What you have to do
Set down word for word each line from the one containing "HOLLIES EVOLUTION CHILE" through the end of the records, both included. Do not copy any pictures.

Top of Provided material

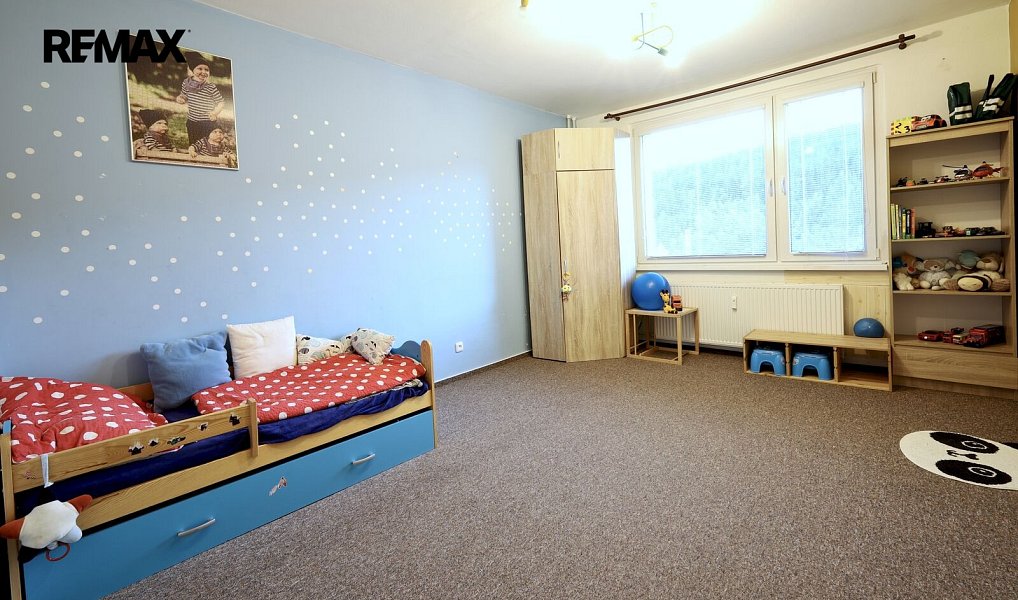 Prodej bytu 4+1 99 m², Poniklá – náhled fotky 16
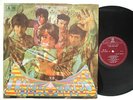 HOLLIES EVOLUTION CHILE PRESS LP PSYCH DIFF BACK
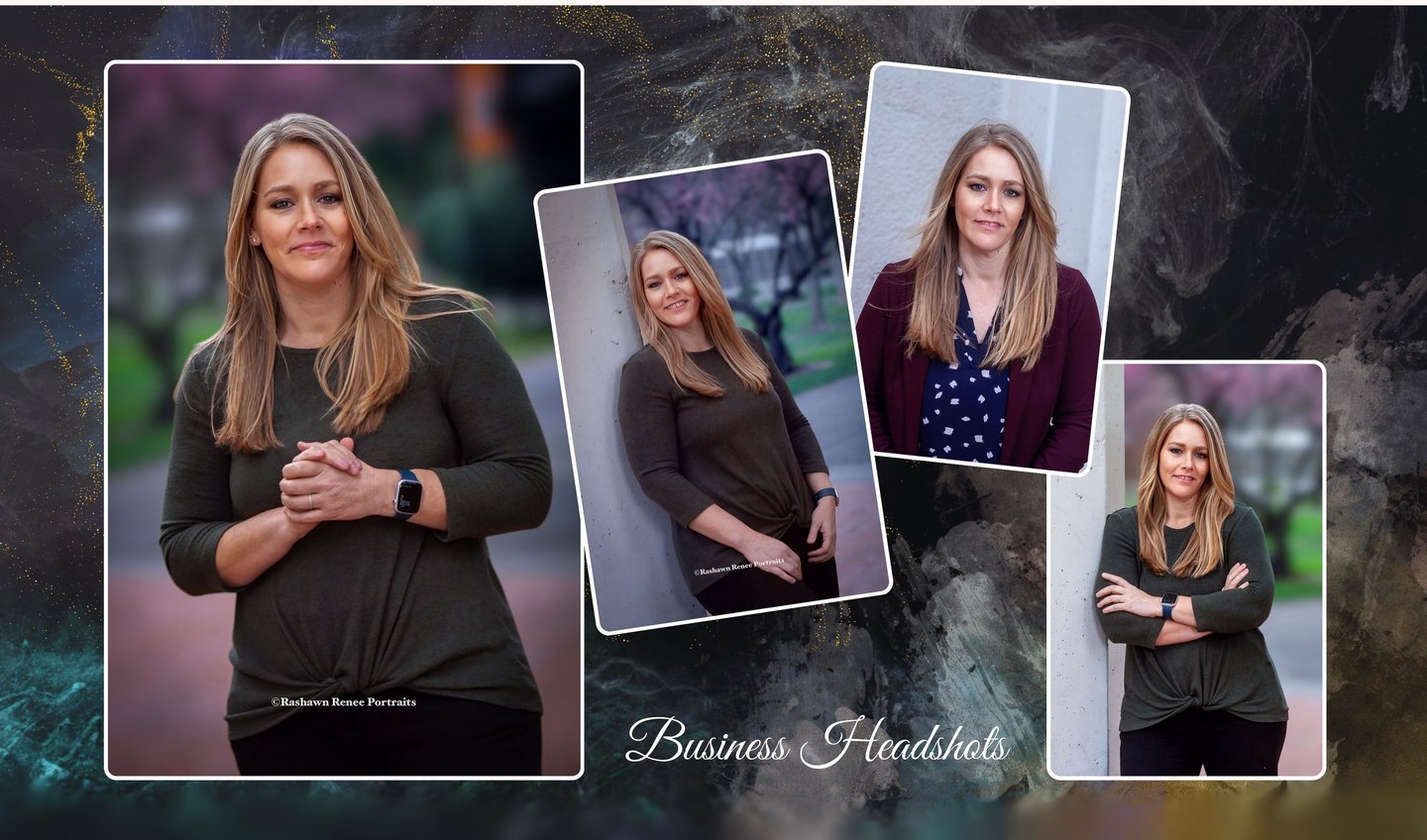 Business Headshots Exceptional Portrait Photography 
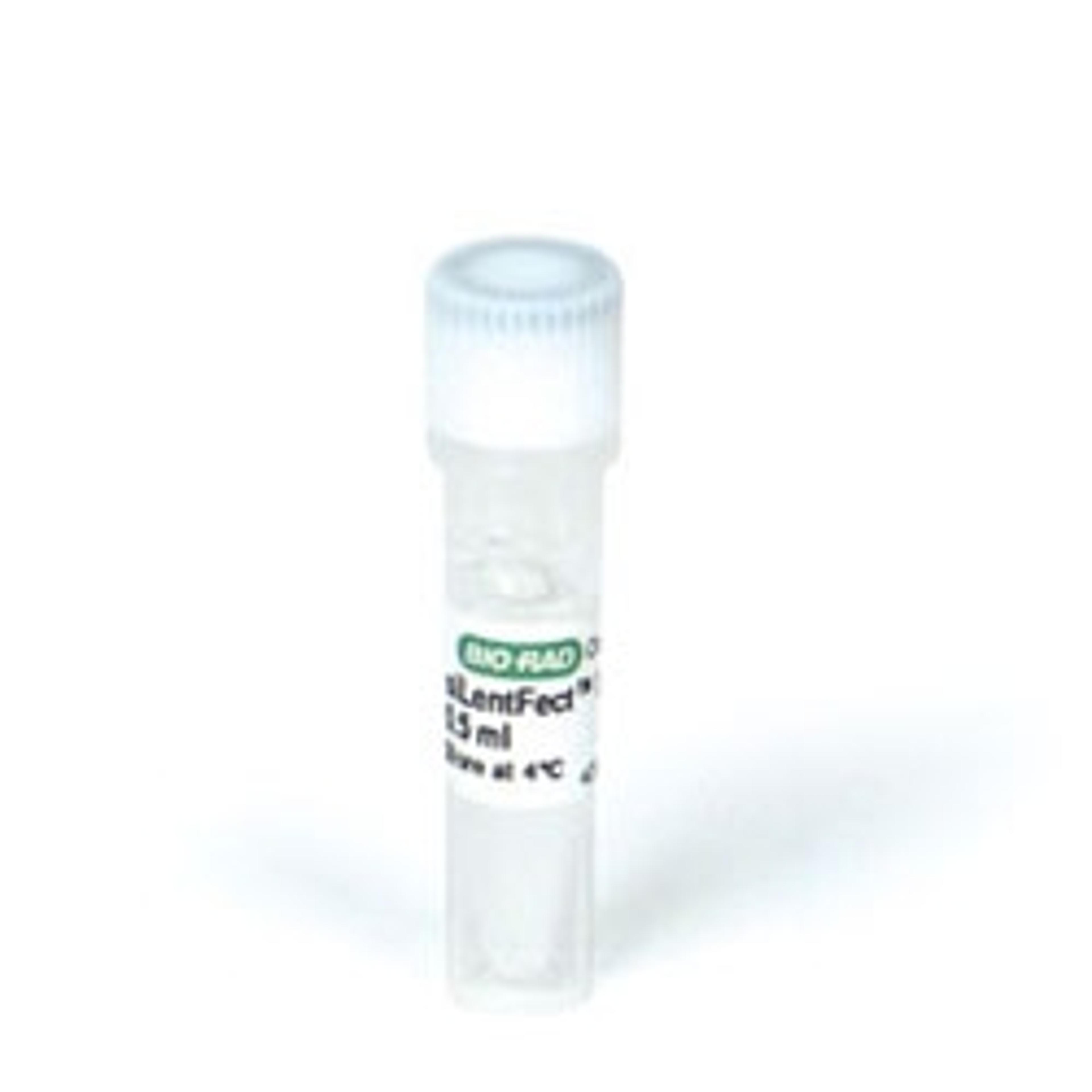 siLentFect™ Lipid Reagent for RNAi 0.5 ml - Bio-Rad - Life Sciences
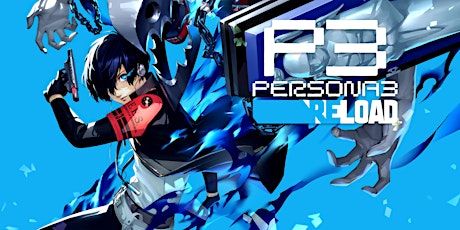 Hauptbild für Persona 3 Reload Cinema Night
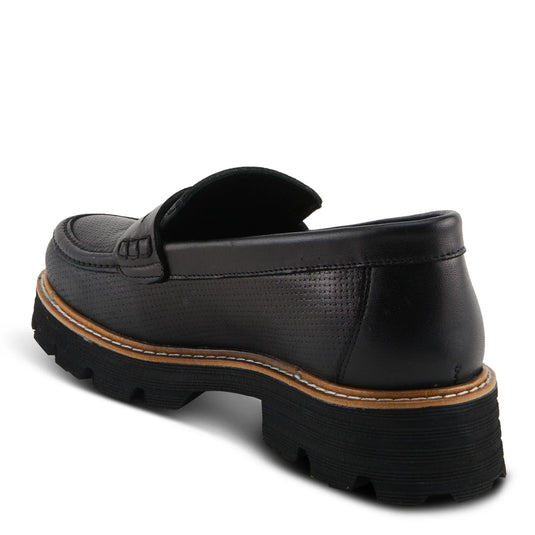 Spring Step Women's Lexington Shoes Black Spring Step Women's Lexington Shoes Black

Bottom of Provided material

Answer to this task
 HOLLIES EVOLUTION CHILE PRESS LP PSYCH DIFF BACK
 Business Headshots Exceptional Portrait Photography 
 siLentFect™ Lipid Reagent for RNAi 0.5 ml - Bio-Rad - Life Sciences
 Hauptbild für Persona 3 Reload Cinema Night
 Spring Step Women's Lexington Shoes Black Spring Step Women's Lexington Shoes Black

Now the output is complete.